J'avoue que les reconstitutions historiques à priori me barbent un peu. Ca me fait souvent penser (smiley aux joues roses de honte) au clips de Mylène Farmer. Mais bon il y a en général des belles robes, des chapeaux rigolos, des calèches (ou autres draisiennes, en tout cas moyens de locomotion obsolètes) des décors impressionnants de réalisme, (je scrute avec attention pour dénicher dans le champ un fil électrique ou une trace de montre qui auraient échappé à l'oeil de lynx de la script), des épées qu'on tire de leur fourreau, des hauts-de-chausses, des méchants avec du poison dans leurs bagues, des jardins à la française admirables, etc... mais en général les faits narrés, et la fin surtout, on les connaît à l'avance, alors le plaisir est un peu gâché...
Sofia Coppola l'a joué très fin sur le coup. On a, sur l'écran, peu ou prou ce à quoi on s'attendait question costumes et décors (Kirsten Dunst porte dans le film encore plus de robes ébouriffantes que Maggie Cheung dans In the mood for love) mais tout ça est cuisiné à la petite sauce perso de la réalisatrice. Aigre-doux. L'histoire (avec un grand et un petit h) est celle donc de la Reine en question, et on suit le parcours de cette gamine diaphane depuis la Cour d'Autriche à celle de France, où elle atterrit dans un premier temps un peu comme un investissement, un bien mobilier, en tout cas comme une valise diplomatique de luxe, pendant quelques années (ne me demandez pas combien, je suis nullos en chronologie!) jusqu'à un peu avant sa décapitation.

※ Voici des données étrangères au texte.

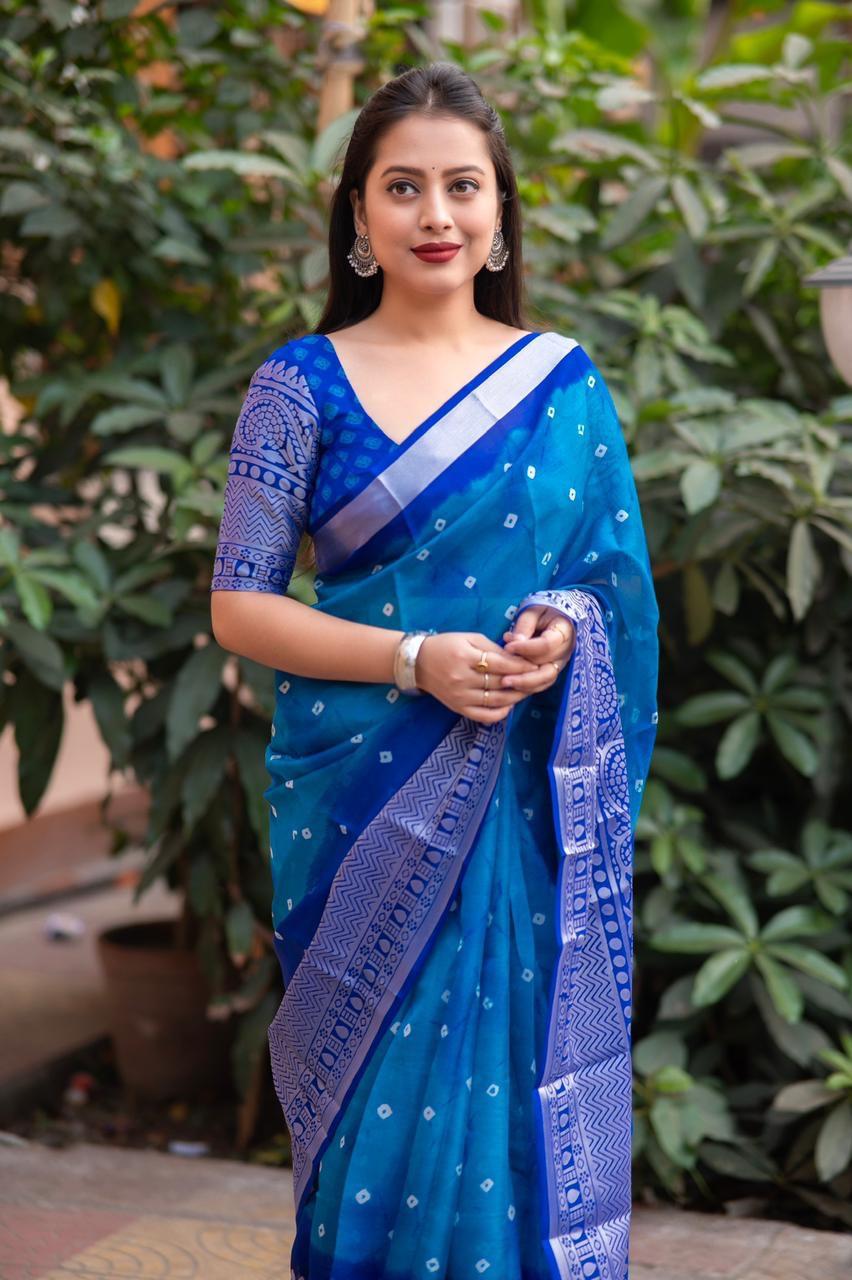 Blue Jute Silk Ethnic Motifs Saree with Unstitched Blouse - Hiral Fashion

C'est une adolescente aussi frêle que blonde (et le choix de Kirsten Dunst est un coup de génie : autant elle m'avait semblé nunuche falote et -oui je l'avoue- inconsistante dans Spiderman, autant là elle touche à la grâce et frôle le sublime du bout de son éventail, ah cette pâleur translucide, ce rose aux joues quasi-enfantin, ces moues divines et cette gorge d'albâtre...) qui est parachutée dans un milieu clos, superficiel et hypocrite, (celui de la noblesse et de Versailles) et va devoir apprendre à y vivre.
On se dit "oh la la finalement, c'est chiant contraignant d'être reine..." L'étiquette, les courtisans, les jalousies et les rivalités, les mateurs, les fâcheux, les convenances, l'emploi du temps millimétré, tout ça pèse. Marie-Antoinette met donc des belles robes, se fait choucrouter grave les perruques, s'envoie des kilos de macarons et autant de litres de champagne, fait la teuf chaque soir, au casino ou bal masqué incognito, bref elle s'amuse comme une petite folle. Elle n'a que ça à faire. Et il faut bien qu'elle se change les idées, pour oublier que chaque soir le royaume entier retient son souffle, l'oreille collée au royal baldaquin, en attendant que son Dauphin d'époux veuille bien se décider à planter sa Royale Graine, alors que, pauvrette, elle n'a droit au mieux qu'à un malheureux et chaste bisou, ou un "pas ce soir chérie j'ai la migraine j'ai chassé comme un fou toute la journée."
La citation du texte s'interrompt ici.